Q: The Buyer left the back door open?

A: Most professional agents are trained to lock all doors and turn off lights when they leave but of course this doesn't always happen.

Q: Why can't I let my pet run loose in the house during a showing?

A: Not all people have animals and if they do, they probably don't like your pets. You don't want a dog barking while a potential Buyer is trying to see the home or worse yet have your dog jumping on them, biting them or run out the door and get lost.

Q: I smoke in the house, but can't I just open a window?

A: Now days, most people do not smoke so it's a big turn off to a potential Buyer. Since they don't smoke, they can smell it no matter how hard you try to cover it up. The same goes for pet smells.

Q: Why do I have to leave the house during a showing?

A: If you are home while a Buyer is looking at your house, it makes the Buyer feel uncomfortable and they subconsciously want to leave because they feel like they are invading your space. In addition, they cannot speak openly to their agent when looking at the house.

Q: What about my personal items like a laptop or jewelry during a showing?

A: Locks keep honest people honest. The fact that a licensed agent is showing your home to clients will deter any unscrupulous activities by the Buyer, however, the agent likely does not know everything personal about their client either. It's always a good idea to keep any personal items out of site or locked in a cabinet during a showing. Open Houses are even more important to do this because multiple people are walking through and an Agent cannot be with everyone at the same time.

Q: What is an Open House?

A: An Open House is where the Seller opens up the house for anyone off the street to stop by and see the house. It's usually done on a Sunday afternoon. It's all about getting more foot traffic through the home to raise awareness to as many people as we can.
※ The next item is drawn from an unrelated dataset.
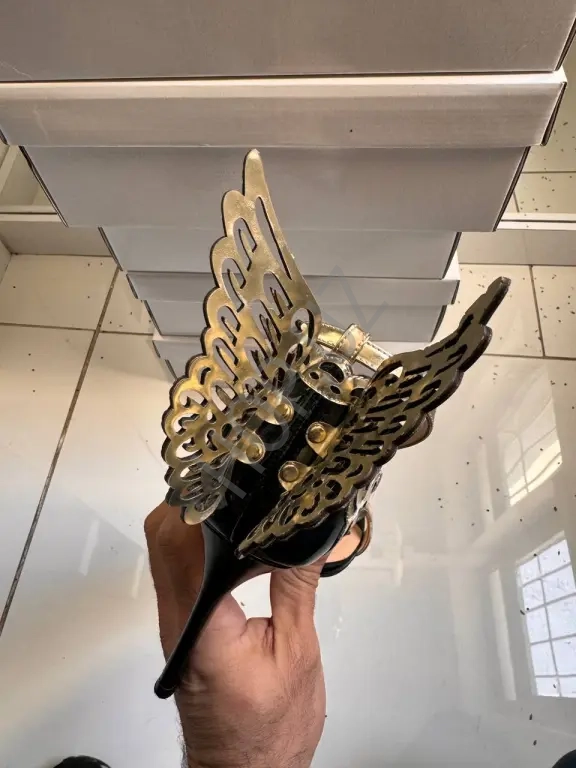 женские кожаные туфли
Q: Is it normal to feel anxiety during the house selling process?

A: Yes. Selling a house is, for most people, the biggest transaction in their life and it's an emotional experience. You are uprooting your family, changing jobs, moving kids to a new school, having to coordinate the move ... etc. We as agents do real estate every day and the average Seller does it every 5-7 years. Rest assured, we are doing a lot of activities behind the scenes that you never see and we do our best to communicate with you to a level that makes you feel comfortable. It is in our best interest to sell the house as quickly as possible for the most money. Remember, we don't get paid until we close so this is a team activity.

Q: What is my recourse if the Buyer cannot execute the contract?

A: If the reason is one of the standard clauses in the Indiana State contract such as financing contingency, inspection finds a Major Defect or Seller violation of the Indiana State Sellers Disclosure, there is nothing you can do. If the Buyer simply decides they don't want to purchase your house and without a valid reason, then keeping the Buyer's Earnest Money is the common recourse unless there are extenuating circumstances. The Buyer would also have to agree to sign a Mutual Release document agreeing to forfeit their Earnest Money. If the Buyer does not, you would have to take them to court.

Q: What is a Mutual Release?

A: A mutual release is a document that both the Buyer and Seller agree to sign to mutually agree to terminate the contract and includes a clause to return money to the Buyer or forfeit to the Seller.

Q: What is the Seller's Disclosure?

A: The Seller's Disclosure is a Indiana State required document that requires the Seller to disclose any known defects with the house.

Q: What is an Appraisal?

A: The purpose of an appraisal is to verify that the house is worth what the Buyer is willing to pay and to make sure the house is habitable which means the Buyer could move in after closing and live there ... i.e. running water, heat, electricity, roof is not leaking ... etc. There are a number of common items that appraisers look for which would prevent the Buyer's Lender from approving the loan and would be called out on the appraisal as an appraisal contingency. These items would need to be replaced or repaired prior to getting a clear to close and the appraiser will go back out to confirm they have been completed.